Choosing a LOLA Universe

Nathan Sheffield

2017-04-24

Choosing a LOLA Universe

(This vignette is unevaluated because it relies on loading huge database files)

What’s the universe?

One of the key questions when you run LOLA is what your background set, or “universe” is. You should think of the universe as the set of regions you tested for possible inclusion in your user sets; or, in other words, it is the restricted background set of regions that were tested, including everything in your regions of interest as well as those that did not get included.

For example, if you test a bunch of genes for differential expression, then the genes of interest could be those that are differentially expressed (in one direction, or the other, independently), and the universe would be the set of all genes you tested for differences (perhaps all polyadenylated genes, or all genes above some expression threshold). In the genomic location space employed by LOLA, perhaps your regions of interest are differential H3K27ac peaks, and the universe could be all H3K27ac peaks in your cell type.
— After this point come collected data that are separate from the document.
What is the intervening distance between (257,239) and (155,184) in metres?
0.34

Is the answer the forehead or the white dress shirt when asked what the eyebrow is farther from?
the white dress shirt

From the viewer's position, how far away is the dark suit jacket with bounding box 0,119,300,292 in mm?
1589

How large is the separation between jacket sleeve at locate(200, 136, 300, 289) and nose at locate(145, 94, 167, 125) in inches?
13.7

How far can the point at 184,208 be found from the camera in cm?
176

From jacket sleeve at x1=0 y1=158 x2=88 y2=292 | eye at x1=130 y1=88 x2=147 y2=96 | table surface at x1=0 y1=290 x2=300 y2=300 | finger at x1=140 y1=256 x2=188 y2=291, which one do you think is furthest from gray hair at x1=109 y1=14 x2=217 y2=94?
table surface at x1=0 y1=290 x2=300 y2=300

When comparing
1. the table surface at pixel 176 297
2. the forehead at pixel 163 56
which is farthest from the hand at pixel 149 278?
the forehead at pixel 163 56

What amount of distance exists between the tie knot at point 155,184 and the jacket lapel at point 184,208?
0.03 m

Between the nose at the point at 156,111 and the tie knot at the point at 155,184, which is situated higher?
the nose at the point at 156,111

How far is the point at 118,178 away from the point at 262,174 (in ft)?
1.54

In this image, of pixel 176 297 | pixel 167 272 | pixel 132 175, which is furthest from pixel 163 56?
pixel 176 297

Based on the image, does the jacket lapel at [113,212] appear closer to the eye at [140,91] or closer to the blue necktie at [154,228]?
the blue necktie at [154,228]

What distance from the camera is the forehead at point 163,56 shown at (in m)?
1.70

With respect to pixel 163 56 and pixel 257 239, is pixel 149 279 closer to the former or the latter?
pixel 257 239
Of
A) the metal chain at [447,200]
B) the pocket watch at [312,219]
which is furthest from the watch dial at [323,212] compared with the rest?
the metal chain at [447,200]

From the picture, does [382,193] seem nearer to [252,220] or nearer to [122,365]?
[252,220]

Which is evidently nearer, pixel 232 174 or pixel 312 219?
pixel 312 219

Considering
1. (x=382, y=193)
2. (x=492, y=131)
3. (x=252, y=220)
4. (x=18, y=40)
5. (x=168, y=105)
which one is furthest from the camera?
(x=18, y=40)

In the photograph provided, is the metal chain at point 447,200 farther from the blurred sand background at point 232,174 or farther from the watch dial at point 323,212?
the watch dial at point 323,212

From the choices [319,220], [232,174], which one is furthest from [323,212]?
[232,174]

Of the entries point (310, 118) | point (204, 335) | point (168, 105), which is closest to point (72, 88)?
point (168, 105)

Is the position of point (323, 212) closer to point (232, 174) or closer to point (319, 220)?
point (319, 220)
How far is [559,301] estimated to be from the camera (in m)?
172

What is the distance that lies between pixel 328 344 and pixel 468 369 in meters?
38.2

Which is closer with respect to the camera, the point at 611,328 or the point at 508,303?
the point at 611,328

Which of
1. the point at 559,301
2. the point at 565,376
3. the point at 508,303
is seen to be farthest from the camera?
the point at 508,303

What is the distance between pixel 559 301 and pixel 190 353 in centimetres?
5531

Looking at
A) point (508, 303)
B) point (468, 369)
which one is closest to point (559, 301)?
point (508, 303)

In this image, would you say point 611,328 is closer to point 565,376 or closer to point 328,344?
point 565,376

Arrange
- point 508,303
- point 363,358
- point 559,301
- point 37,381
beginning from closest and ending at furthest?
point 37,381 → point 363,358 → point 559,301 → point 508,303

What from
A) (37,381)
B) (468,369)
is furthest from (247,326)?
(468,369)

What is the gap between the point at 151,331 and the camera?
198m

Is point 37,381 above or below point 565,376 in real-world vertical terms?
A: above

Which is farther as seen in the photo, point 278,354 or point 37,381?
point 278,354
The universe set is tested for overlap with the database, and the counts are used in the contingency tables that determine significance for your user sets. The reason this is important is that if you have some regions which were never really possible to end up in a region set of interest, it’s unfair to penalize your regions for not overlapping those regions in the database, changing the results of the signficance test.
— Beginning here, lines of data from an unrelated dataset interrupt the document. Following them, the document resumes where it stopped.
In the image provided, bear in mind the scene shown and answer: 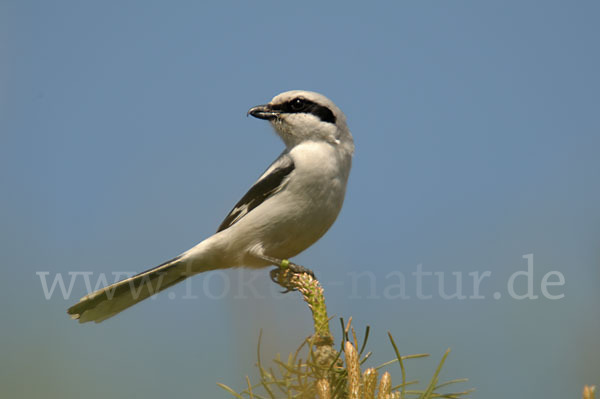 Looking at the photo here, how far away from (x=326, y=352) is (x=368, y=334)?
0.54 ft

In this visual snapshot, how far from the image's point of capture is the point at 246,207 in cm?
332

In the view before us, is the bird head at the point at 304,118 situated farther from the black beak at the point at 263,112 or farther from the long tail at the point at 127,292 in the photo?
the long tail at the point at 127,292

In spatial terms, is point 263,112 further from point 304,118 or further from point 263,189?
point 263,189

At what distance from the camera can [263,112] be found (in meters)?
3.53

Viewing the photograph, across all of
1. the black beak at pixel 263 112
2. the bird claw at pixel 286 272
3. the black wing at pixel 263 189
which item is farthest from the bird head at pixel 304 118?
the bird claw at pixel 286 272

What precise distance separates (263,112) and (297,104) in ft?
0.67

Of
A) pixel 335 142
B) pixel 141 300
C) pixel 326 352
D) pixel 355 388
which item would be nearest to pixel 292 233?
pixel 335 142

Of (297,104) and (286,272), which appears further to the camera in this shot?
(297,104)

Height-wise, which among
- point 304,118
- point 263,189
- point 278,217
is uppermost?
point 304,118

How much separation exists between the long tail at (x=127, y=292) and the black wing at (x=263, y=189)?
0.36 m

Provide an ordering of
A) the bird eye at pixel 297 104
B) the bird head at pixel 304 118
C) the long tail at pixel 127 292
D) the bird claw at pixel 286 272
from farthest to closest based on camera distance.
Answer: the bird eye at pixel 297 104 < the bird head at pixel 304 118 < the long tail at pixel 127 292 < the bird claw at pixel 286 272

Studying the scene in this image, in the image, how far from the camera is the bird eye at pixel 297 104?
351 centimetres

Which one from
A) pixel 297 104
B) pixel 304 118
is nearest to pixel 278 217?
pixel 304 118

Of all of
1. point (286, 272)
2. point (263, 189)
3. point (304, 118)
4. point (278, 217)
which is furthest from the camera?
point (304, 118) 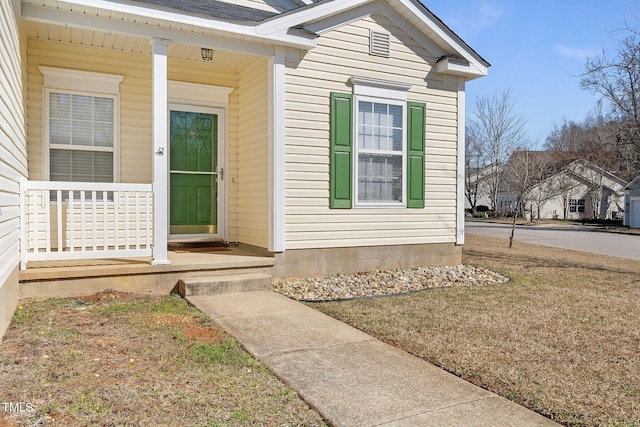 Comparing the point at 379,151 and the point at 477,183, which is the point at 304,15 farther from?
the point at 477,183

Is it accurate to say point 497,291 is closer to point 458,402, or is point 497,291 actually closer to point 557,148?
point 458,402

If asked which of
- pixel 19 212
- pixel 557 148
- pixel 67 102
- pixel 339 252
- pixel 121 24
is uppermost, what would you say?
pixel 557 148

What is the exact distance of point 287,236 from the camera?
605 centimetres

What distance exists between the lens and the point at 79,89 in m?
5.93

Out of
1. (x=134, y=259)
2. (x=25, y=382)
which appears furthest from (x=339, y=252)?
(x=25, y=382)

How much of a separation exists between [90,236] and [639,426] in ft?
19.9

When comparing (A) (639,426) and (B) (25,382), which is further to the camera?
(B) (25,382)

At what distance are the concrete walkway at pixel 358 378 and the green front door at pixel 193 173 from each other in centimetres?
298

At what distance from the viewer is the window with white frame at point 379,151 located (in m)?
6.61

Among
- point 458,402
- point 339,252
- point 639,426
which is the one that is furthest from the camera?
point 339,252

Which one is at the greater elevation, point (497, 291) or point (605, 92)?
point (605, 92)

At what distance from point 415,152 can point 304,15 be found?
2535mm

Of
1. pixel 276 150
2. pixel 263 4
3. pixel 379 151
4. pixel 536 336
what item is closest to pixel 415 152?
pixel 379 151

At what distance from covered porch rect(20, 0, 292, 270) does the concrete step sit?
0.24 meters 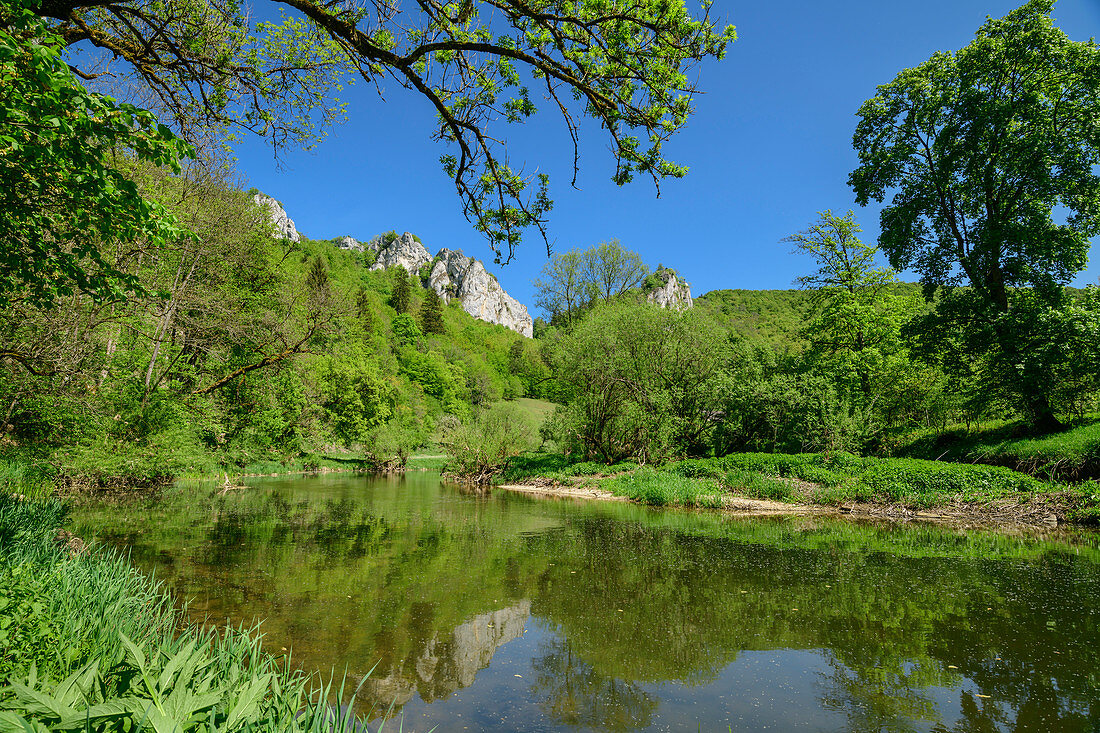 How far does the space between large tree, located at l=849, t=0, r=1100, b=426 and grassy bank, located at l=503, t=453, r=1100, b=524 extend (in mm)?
4224

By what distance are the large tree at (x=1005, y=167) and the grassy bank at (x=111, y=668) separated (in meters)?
21.0

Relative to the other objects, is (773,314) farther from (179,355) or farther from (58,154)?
(58,154)

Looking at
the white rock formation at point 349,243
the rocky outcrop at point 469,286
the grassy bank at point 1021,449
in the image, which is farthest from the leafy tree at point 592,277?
the white rock formation at point 349,243

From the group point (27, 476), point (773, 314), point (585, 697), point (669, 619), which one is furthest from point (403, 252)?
point (585, 697)

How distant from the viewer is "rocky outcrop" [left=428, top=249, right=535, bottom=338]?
126m

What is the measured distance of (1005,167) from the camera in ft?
56.6

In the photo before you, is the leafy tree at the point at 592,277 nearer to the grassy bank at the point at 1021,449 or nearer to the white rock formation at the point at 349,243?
the grassy bank at the point at 1021,449

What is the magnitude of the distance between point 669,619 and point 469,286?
124913 mm

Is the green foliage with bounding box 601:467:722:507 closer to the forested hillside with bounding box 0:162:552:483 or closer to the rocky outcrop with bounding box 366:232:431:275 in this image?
the forested hillside with bounding box 0:162:552:483

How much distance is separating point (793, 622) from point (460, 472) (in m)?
24.4

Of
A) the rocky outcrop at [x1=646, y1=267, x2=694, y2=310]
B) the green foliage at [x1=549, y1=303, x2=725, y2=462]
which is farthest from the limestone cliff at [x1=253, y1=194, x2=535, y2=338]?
the green foliage at [x1=549, y1=303, x2=725, y2=462]

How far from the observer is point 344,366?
148ft

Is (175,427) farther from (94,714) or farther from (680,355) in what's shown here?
(680,355)

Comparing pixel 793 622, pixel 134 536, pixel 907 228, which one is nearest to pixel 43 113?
pixel 793 622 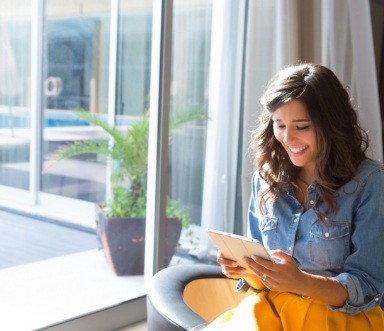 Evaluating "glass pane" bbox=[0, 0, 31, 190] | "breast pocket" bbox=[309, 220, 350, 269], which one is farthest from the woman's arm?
"glass pane" bbox=[0, 0, 31, 190]

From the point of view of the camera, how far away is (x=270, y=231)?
5.41 feet

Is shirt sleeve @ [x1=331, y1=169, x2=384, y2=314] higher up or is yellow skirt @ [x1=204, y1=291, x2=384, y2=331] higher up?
shirt sleeve @ [x1=331, y1=169, x2=384, y2=314]

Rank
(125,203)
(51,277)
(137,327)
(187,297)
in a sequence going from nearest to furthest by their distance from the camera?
(187,297) < (137,327) < (51,277) < (125,203)

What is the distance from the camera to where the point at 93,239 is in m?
3.12

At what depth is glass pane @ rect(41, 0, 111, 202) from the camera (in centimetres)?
263

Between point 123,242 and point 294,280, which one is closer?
point 294,280

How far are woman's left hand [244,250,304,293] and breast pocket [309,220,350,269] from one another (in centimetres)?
15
In the case of DNA methylation: all regions that had reasonable coverage of methylation reads are your universe, and those that were either highly methylated or lowly methylated (or differentially methylated) would be your subsets of interest. It’s the set including all genes that had enough reads that they could have been differentially methylated, even if they weren’t.

The universe is a bit open-ended, and it’s reasonable to try a few different things. Changing the universe isn’t right or wrong, it just changes the question you are asking. Here, we’ll make 2 different universes to illustrate how they differ. First, we’ll create a general universe using the union of all dnase hypersensitive sites in 112 samples from Sheffield et al. (2013). With this as our universe, we’re essentially testing for what our regions of interest are overlapping among any known active regulatory elements, since this is quite a broad universe. Here’s how I created the universe:

activeDHS = unlist(regionDB$regionGRL[which(regionDB$regionAnno$collection == "sheffield_dnase")])
activeDHS = disjoin(activeDHS)
activeDHS

Equally valid is to consider a more restricted universe. For instance, if we make a universe that is the union of regionSetB and regionSetC (from the Using LOLA Core vignette), then what we’re testing is for enrichment in one set vs. the others.

So let’s create that universe, too:

restrictedUniverse = unlist(userSets)

Check out how the results for userSetB and userSetC differ, depending on the universe used:

locResults = runLOLA(userSets, activeDHS, regionDB, cores=1)
locResultsRestricted = runLOLA(userSets, restrictedUniverse, regionDB, cores=1)
locResults[userSet==2,][order(maxRnk, decreasing=FALSE),][1:10,]
locResultsRestricted[userSet==2,][order(maxRnk, decreasing=FALSE),][1:10,]

locResults[userSet==3,][order(maxRnk, decreasing=FALSE),][1:10,]
locResultsRestricted[userSet==3,][order(maxRnk, decreasing=FALSE),][1:10,]

The restricted universe tell us that, relative to the set of all changing H3K27ac peaks in the experiment, the increasing ones are enriched for c-Fos binding, while the decreasing ones are enriched for CTCF binding.